The response should consist of every line below, restated exactly, with no pictures.

▶ Dataset section:
□ □ □ □ □

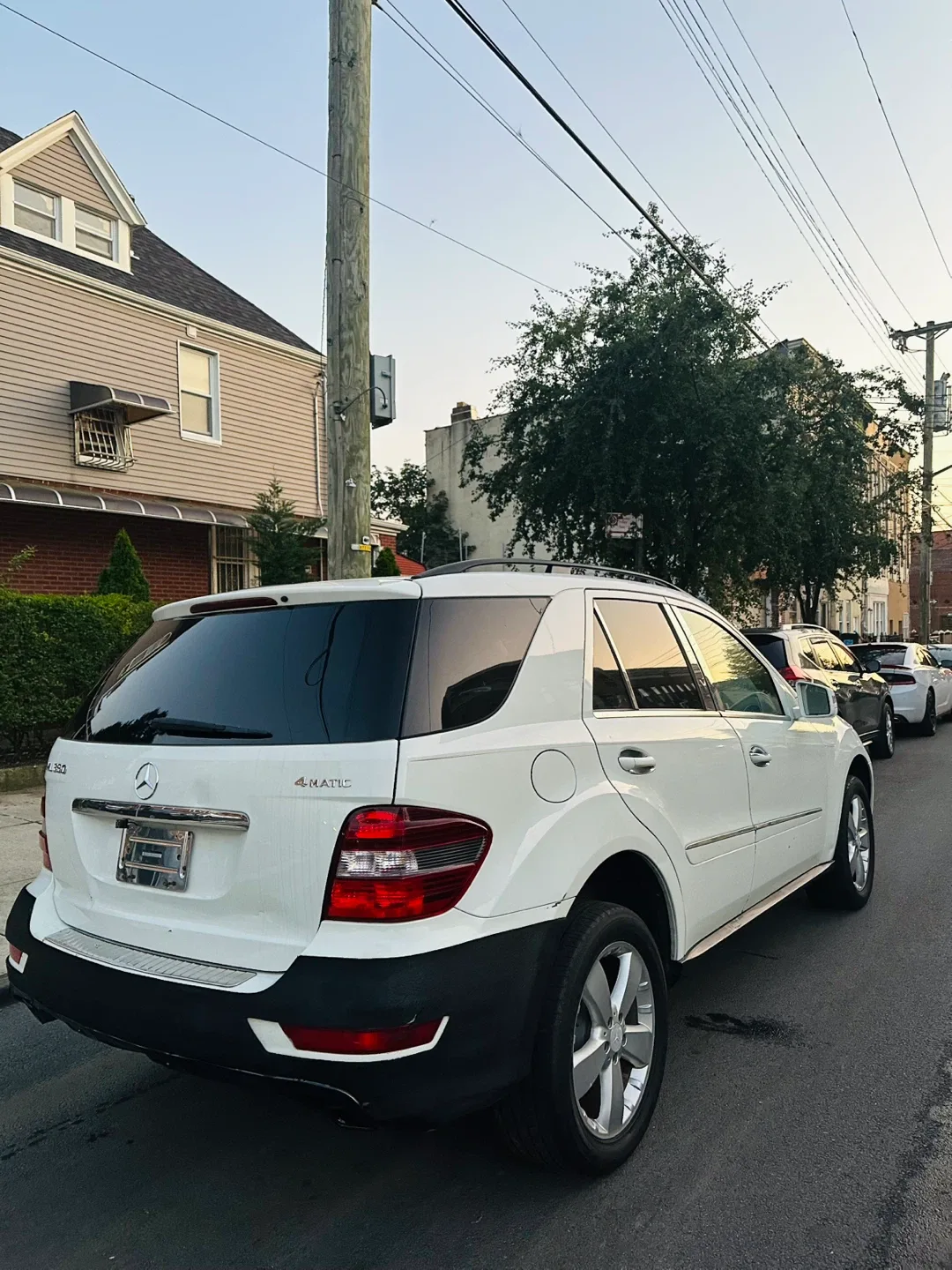 2011 Mercedes-Benz ML350 4MATIC White SUV image indicator(3)
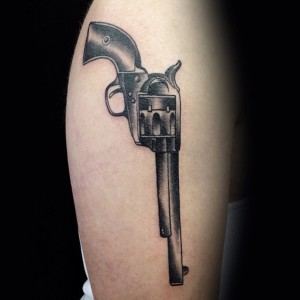 tatouage revolver pistolet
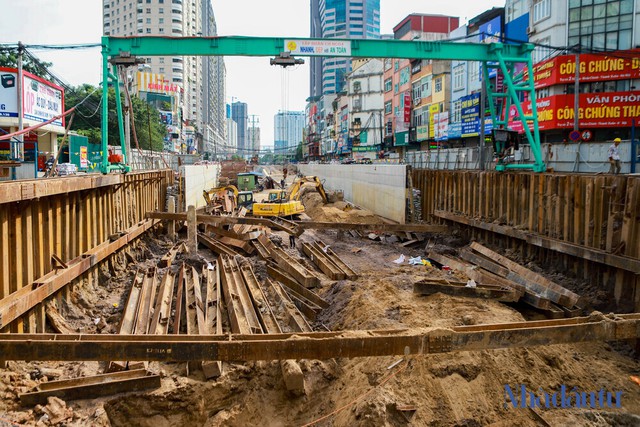 Cận cảnh hầm chui 700 tỷ ở Hà Nội sau khi được đục thông 2 ống hầm chính - Ảnh 9.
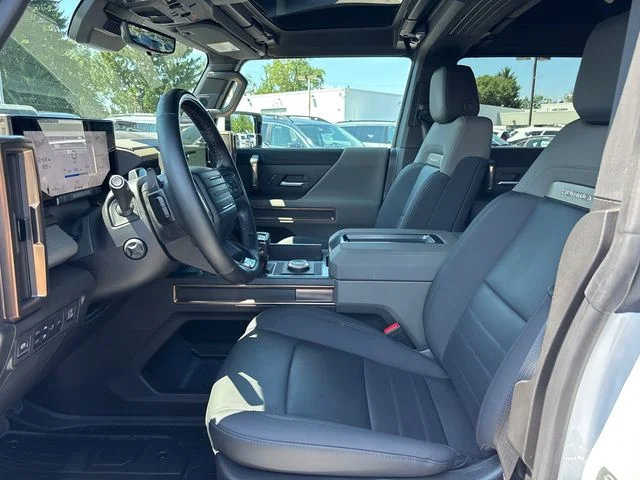 Used 2024 GMC Hummer EV 3X w/ LPO, Illumination Package AWD/4WD image 6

□ □ □ □ □

▶ Result for this exercise:
 2011 Mercedes-Benz ML350 4MATIC White SUV image indicator(3)
 tatouage revolver pistolet
 Cận cảnh hầm chui 700 tỷ ở Hà Nội sau khi được đục thông 2 ống hầm chính - Ảnh 9.
 Used 2024 GMC Hummer EV 3X w/ LPO, Illumination Package AWD/4WD image 6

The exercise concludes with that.